Du coup, le parti pris du traducteur prend un poids considérable. Celui de Chénetier est simple. "L'équilibre du texte est précaire, il faut le sauvegarder. Brautigan parle simple, sa langue n'a rien d'amidonnée, mais il n'est pas vulgaire pour autant". Chénetier choisit donc un certain " classicisme " de l'expression, plutôt qu'un argot breveté. "Je n'ai aucune raison de le faire causer chébran. Je refuse de me faire confisquer ma langue. Je veux garder la palette la plus large possible". Exemple : "la nostalgie, ça ne se traduit pas au passé composé, pourquoi se priver d'un passé simple". Ou encore, l'emploi de " nous " plutôt que le " on " pour retendre la langue. "Dust, dust, american dust", ça n'a rien de cucu, je ne vais pas traduire "poussière américaine", je choisis de garder le lyrisme : / Mémoires Sauvés du Vent/ Poussières d'Amérique/.

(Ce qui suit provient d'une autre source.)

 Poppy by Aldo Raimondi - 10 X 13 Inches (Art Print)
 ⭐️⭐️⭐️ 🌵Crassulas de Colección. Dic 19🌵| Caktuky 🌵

Une chirurgie esthétique qui doit, si possible, effacer toute trace de voyage dans l'espace, et dans le temps si possible. Car le grand ennemi de la traduction, c'est bien le temps. L'ouvrage traduit chébran ne résiste pas aux années. Et les propos du Privé... n'ont besoin d'aucun artifice pour produire leur effet. Légers, ils tiennent comme les bulles d'une bande dessinée dans le cadre fixe qui leur est offert. Et Brautigan passe d'une case à l'autre en usant de ces indications assertives que l'on retrouve dans les pavés narratifs qui ponctuent le récit de la B.D. : "Trois ans plus tard", "Le matin suivant"...

Autant de recettes déclinées dans l'essai critique de Chénetier, Brautigan sauvé du Vent. Ce sont précisément ces effets que le traducteur veillera à reproduire dans le texte français, tout en conservant les différents niveaux de lecture.

Exercice périlleux de la traduction de Brautigan : sauvegarder l'aspect visuel du texte américain. L'image pure n'a ainsi plus aucune raison de vieillir. Avantage de la littérature sur la photographie. Le parcours est semé d'embûches, mais le temps travaille aussi au bénéfice de l'oeuvre. Ce qui est passé inaperçu lors des premières traductions a toutes les chances de se voir rétabli en bonne place lors des prochains travaux. "Un texte qui a vingt ans de plus, ce n'est plus le même texte". Entre temps, la critique a ouvert de multiples chantier, d'innombrables grilles de lectures se sont superposées. Qu'une réédition intervienne, le texte de Brautigan sera repris à bras le corps et la retraduction sera sans doute fort redevable à l'ouvrage du critique. Dans son avant-propos à Brautigan sauvé du Vent, Chénetier glisse un avertissement : le lecteur risque d'avoir peine à retrouver certaines citations dans les traductions françaises : " c'est que j'ai dû affirme-t-il, rétablir des textes souvent tronqués, amputés ou déformés(...) Il serait bon qu'on puisse un jour lire Brautigan en français dans sa rigueur ".